I am looking for a good mathematical rigorous introduction to solid state physics. The style and level for this solid state physics book should be comparable to Abraham Marsdens Foundations of mechanics or Arnols mechanics book for classical mechanics or to Thirrings Physics course for quantum mechanics.

Any recommendations?

Edit: As a reaction to Peter Shor's comment, I try to narrow the scope of the question a bit and give some more specific subareas of solid state physics I am in particular interested in:

  • semiconductors and applications
  • the quantum hall effect
  • superconductivity


This post has been migrated from (A51.SE)

asked Feb 24, 2012 in Resources and References by student (85 points) [ revision history ]
recategorized Apr 24, 2014 by dimension10
Solid-state physics is an enormous field; do you have any specific subareas of solid-state physics that you'd like a mathematically rigorous introduction to?

This post has been migrated from (A51.SE)
commented Mar 4, 2012 by Peter Shor (790 points) [ no revision ]
As a non-mathematician I've never gotten around to reading this, but it might be of interest since you mentioned QHE -- arxiv.org/abs/cond-mat/9411052   
commented Mar 24, 2014 by wsc (290 points) [ no revision ]
edited Mar 24, 2014 by dimension10

3 Answers

+ 2 like - 0 dislike

The following books discuss rigorous methods in solid state physics:

  • "Renormalization group" by G. Benfatto and G. Gallavotti, see this link.
  • "Renormalization: an introduction" by M. Salmhofer, see this link.
  • "Fermionic functional integrals and the renormalization group", J. Feldman, H. Knorrer and E. Trubowitz, see this link.
  • "Non-perturbative renormalization" by V. Mastropietro, see this link.

See also the course by Rivasseau given at the CIME school in Cetraro, September 2010.

This post has been migrated from (A51.SE)
answered Feb 27, 2012 by Abdelmalek Abdesselam (640 points) [ no revision ]
+ 2 like - 0 dislike

You can wonder about the stability of matter in quantum mechanics or get caught by disorder to learn the rigorous aspects of localization in disordered systems.

This post has been migrated from (A51.SE)
answered Mar 2, 2012 by Vijay Murthy (90 points) [ no revision ]
+ 1 like - 0 dislike

The problem with this kind of books is that there is no special mathematics in solid state physics.
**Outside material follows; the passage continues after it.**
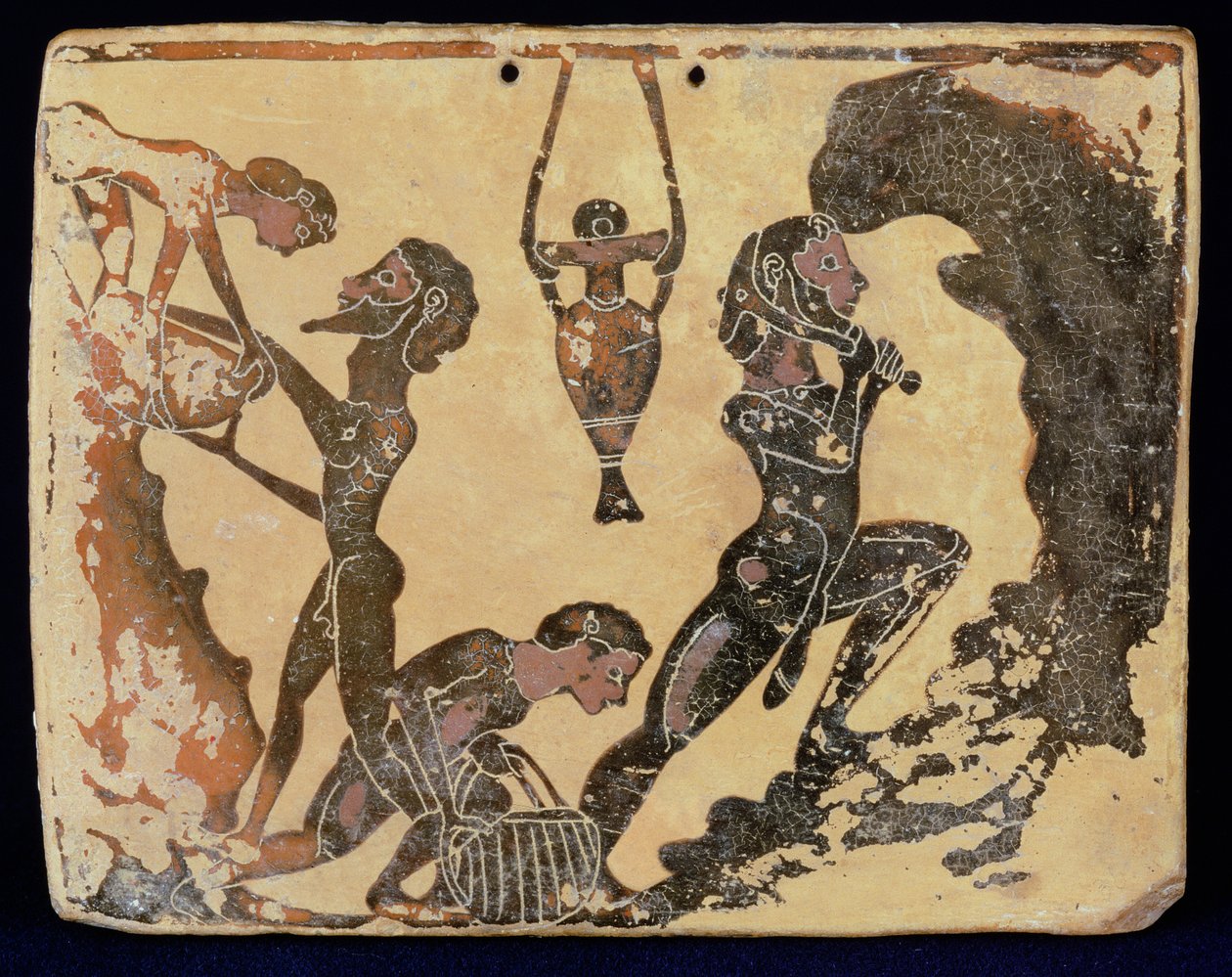 Una placca corinzia che raffigura lavoratori in una cava di argilla, da Penteskophia vicino a Corinto, 575-550 a.C. da Greek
There are books with titles like "Quantum Field Theory in Solid State Physics" or similar: modern methods in solid state originate from QFT, quantum chemistry and alike. Thus, rigorous introduction may be found there and not in solid state itself.
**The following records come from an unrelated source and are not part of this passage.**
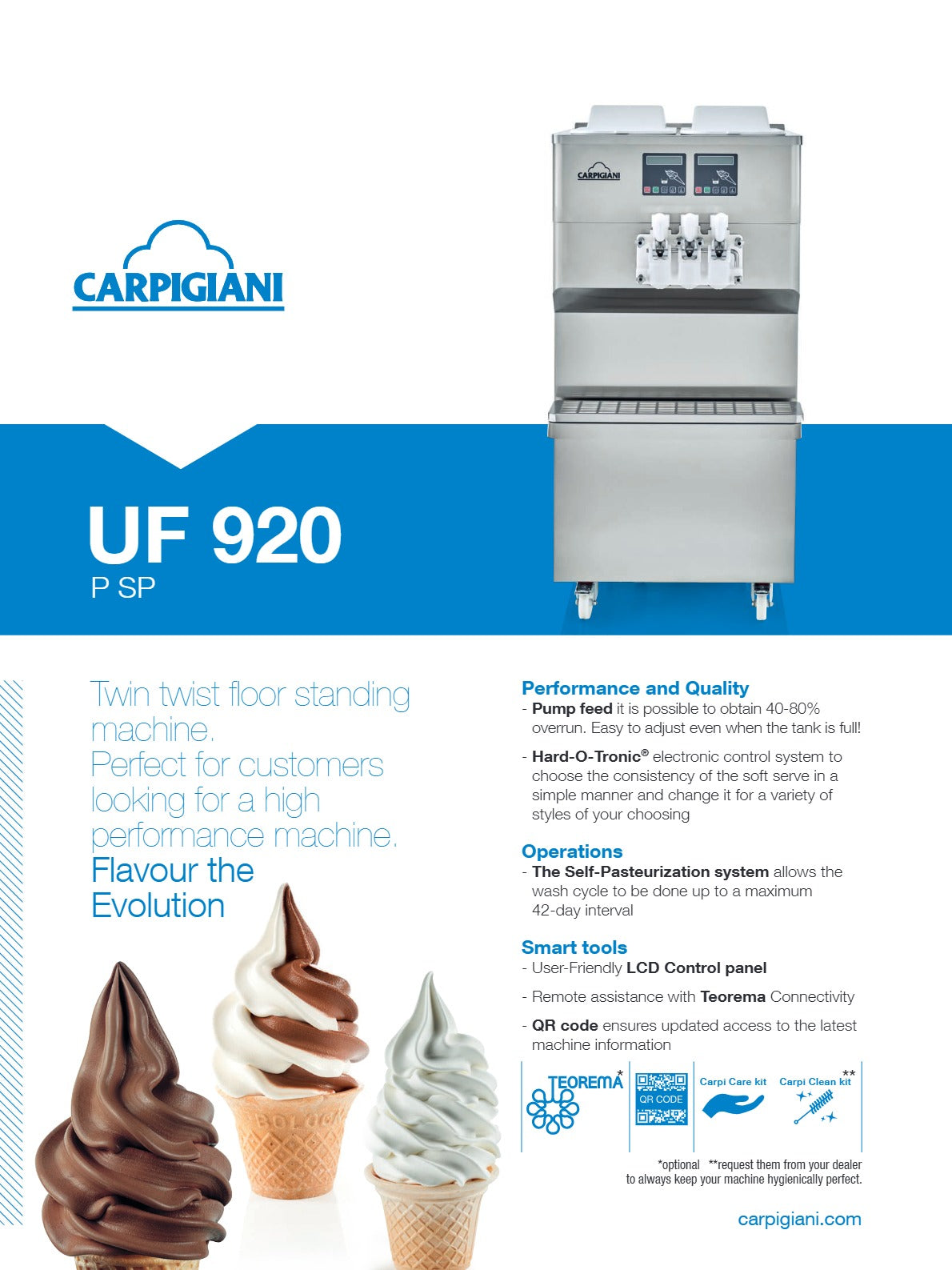 Carpigiani UF 920 P SP - Floor Standing Twin-Twist Soft Serve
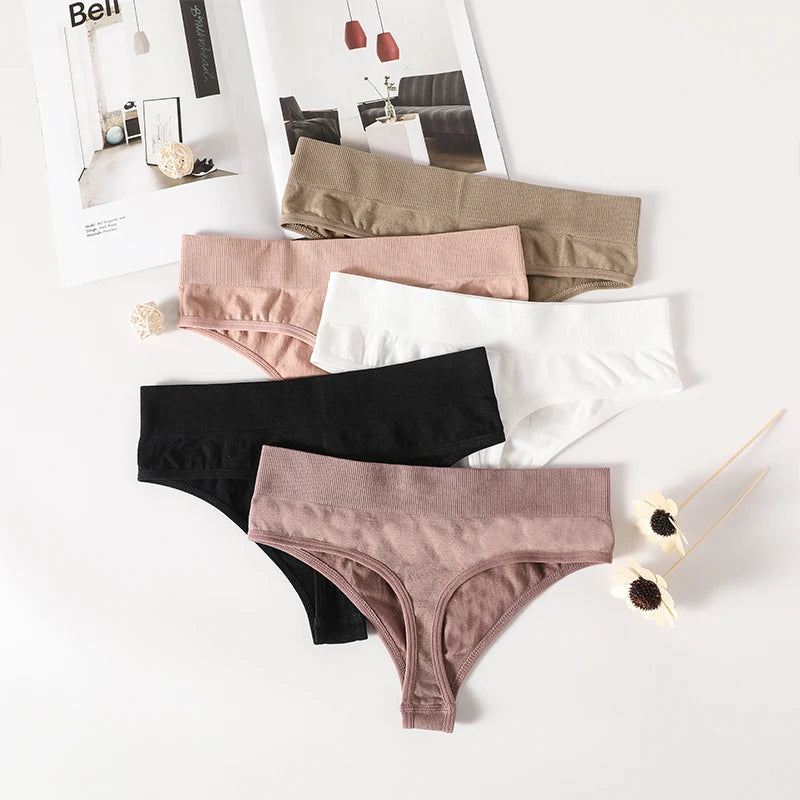 CowLost | 2pcs-set-seamless-panties-sexy-women-underwear-g-string-thong-high-waist-solid-color-lingerie-sexy-female-underpants-intimates |8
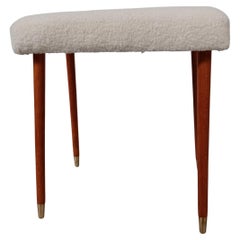 Retro 1960s Fully Restored and Reupholstered Danish Footstool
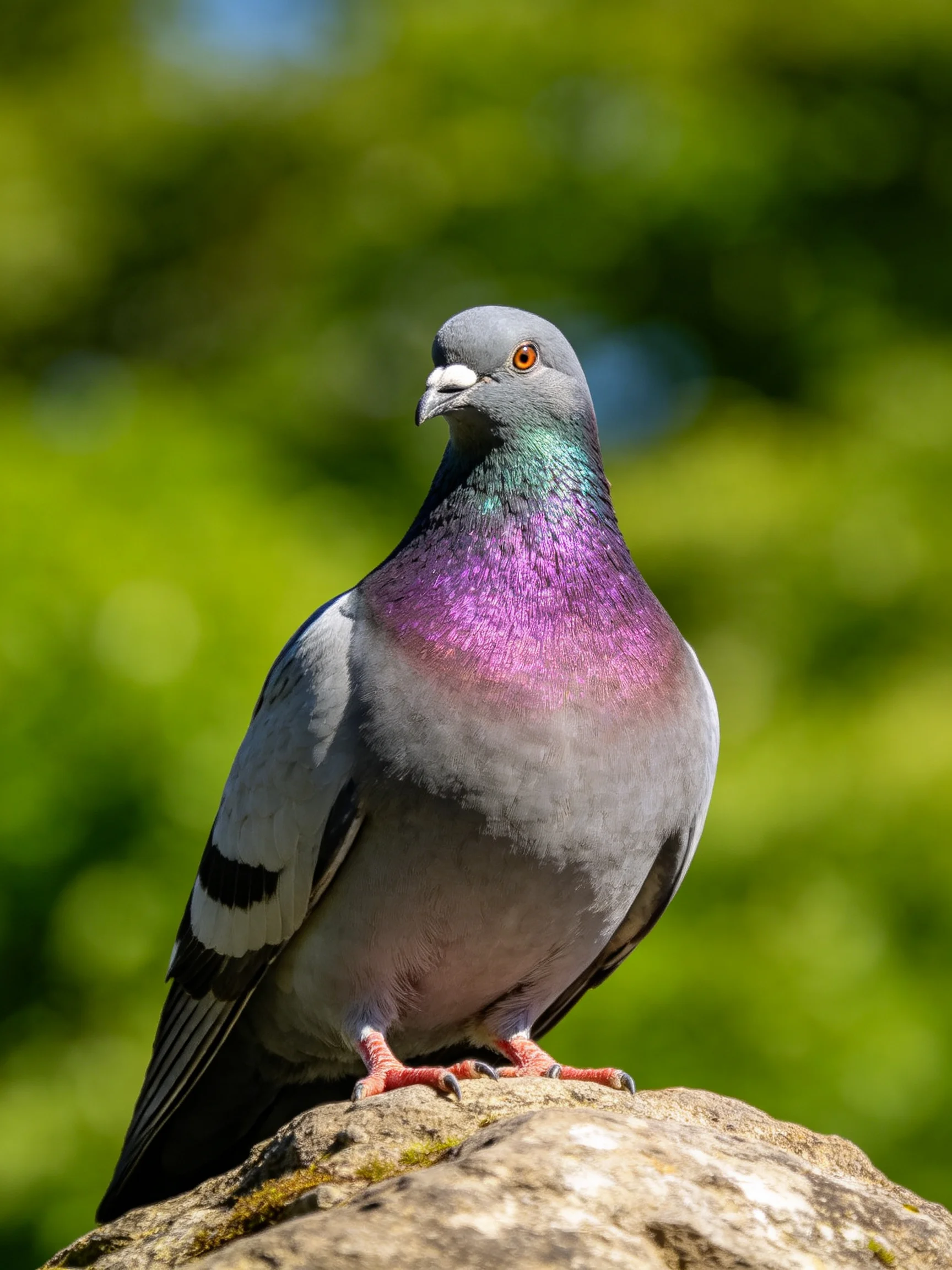 A pigeon with colorful plumage rests on a rock near green foliage.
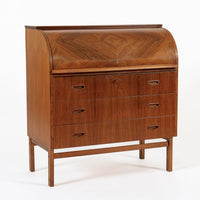 Mid Century Swedish Teak Rolltop Secretary Desk by Egon Ostergaard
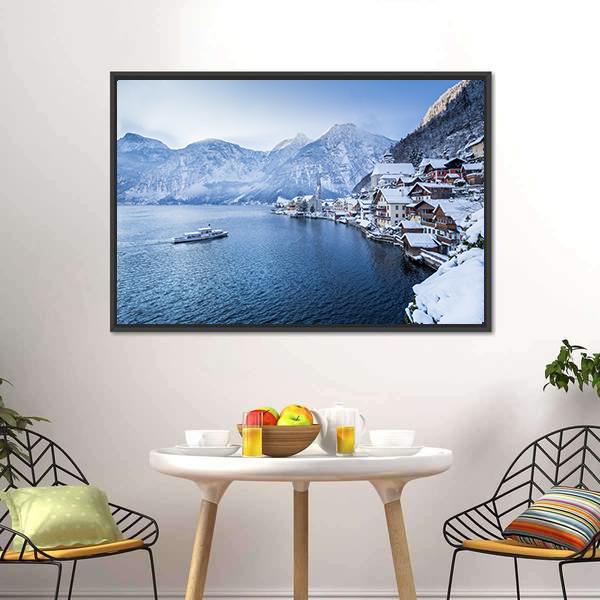 Hallstatt Lake In Winter Canvas Wall Art-5 Horizontal-Gallery Wrap-22" x 12"-Tiaracle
If you could specify particular topic, probably it would be possible answer your question.

This post has been migrated from (A51.SE)
answered Feb 25, 2012 by Nestoklon (340 points) [ no revision ]
Agreed. Also, if @student is taking his first course in SSP, he should, perhaps, pick a standard text such as Ashcroft/Kittel, for it is hard to say what mathematics are more important. In quantum many-body theory your main tool may be QFT, linear algebra, group theory or category theory depending on the field.
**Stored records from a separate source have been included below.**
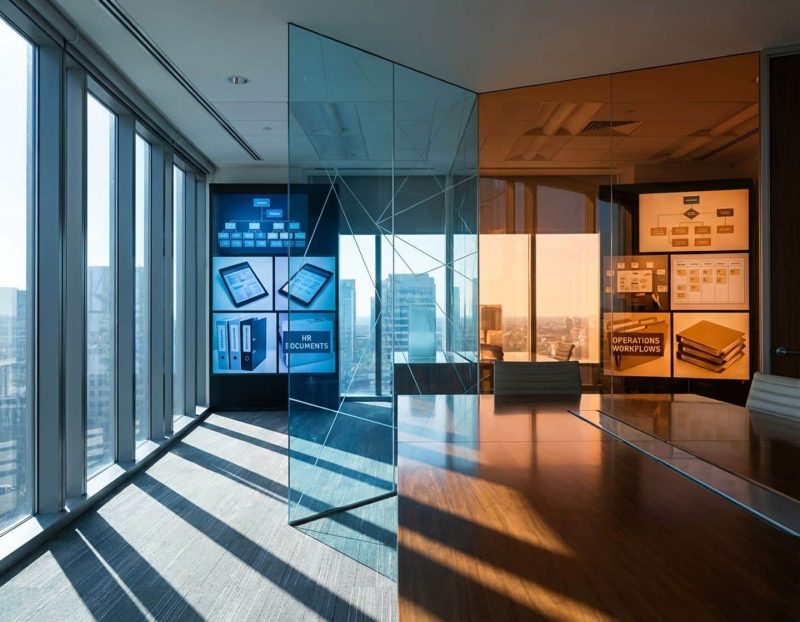 moderne kantooromgeving met glazen scheidingswand tussen hr-documenten in blauw en operationele grafieken in oranje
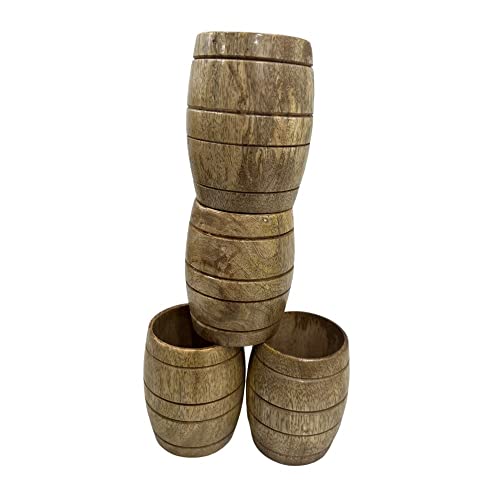 Collectiblesbuy Wooden Barrel Shaped Beer Mug Coffee Mug Small Travel Camping Cup Wood Beer Tea Cup Drinking Portable Mug For Men Wine Cup Beer Mugs Steins Handmade Mango Wood Cups Set Of 4 #TOP6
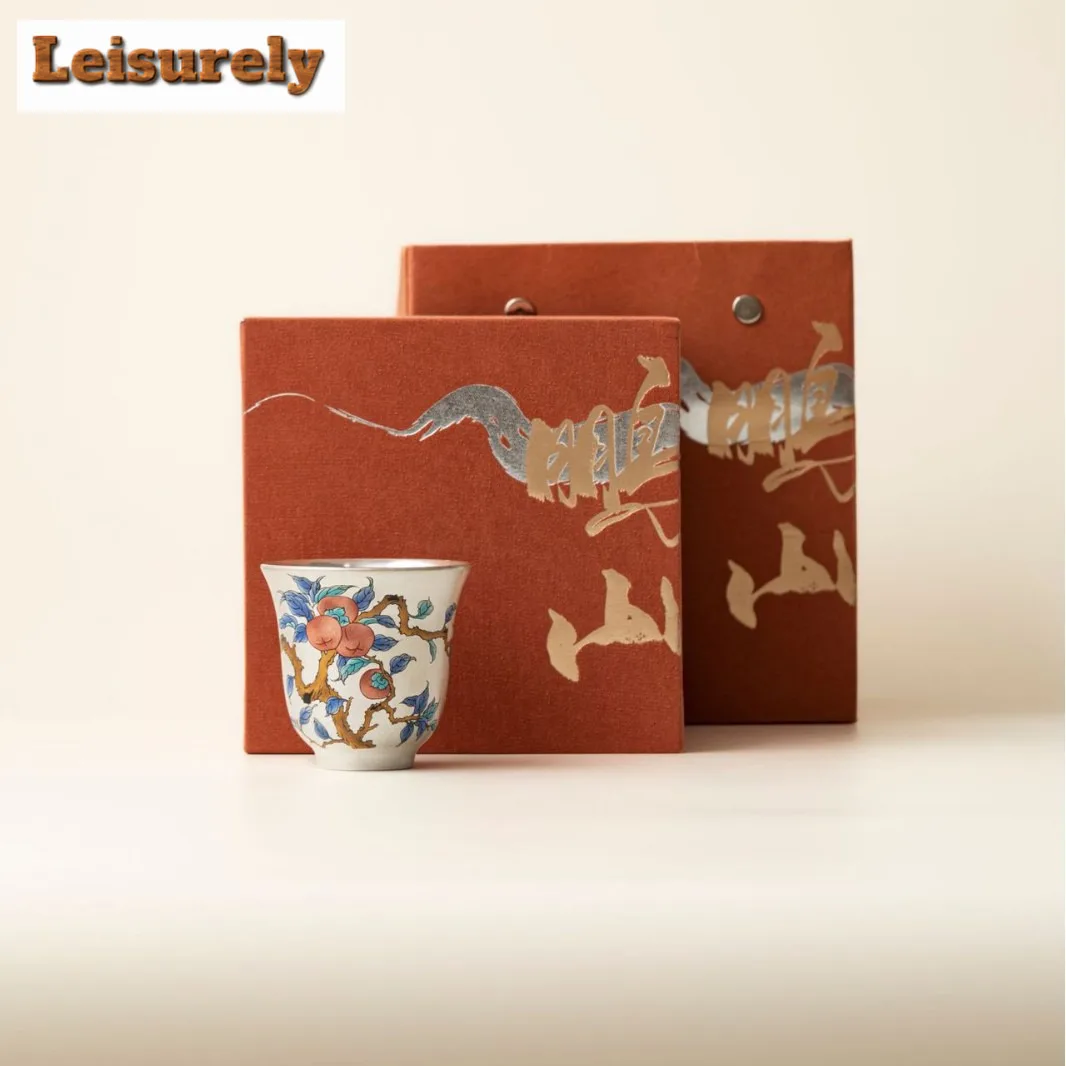 50ml Gilt Silver Persimmon Ruyi Teacup Retro Tea Bowl Water Jug Tea-tasting Meditation Cup Chazhan Master Cups Chinese Tea Set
This post has been migrated from (A51.SE)
commented Feb 25, 2012 by jbvega (285 points) [ no revision ]
@JuanBermejoVega No I am not taking my first course in SSP, however I am by far not an expert in this field. Coming from mathematical physics I just want to have a second introduction which is more rigorous (both mathematical and conceptual) than the standard ones.

This post has been migrated from (A51.SE)
commented Feb 28, 2012 by student (85 points) [ no revision ]
Then, if the answers above don't suffice, you could maybe specify your favourite topics.

This post has been migrated from (A51.SE)
commented Feb 28, 2012 by jbvega (285 points) [ no revision ]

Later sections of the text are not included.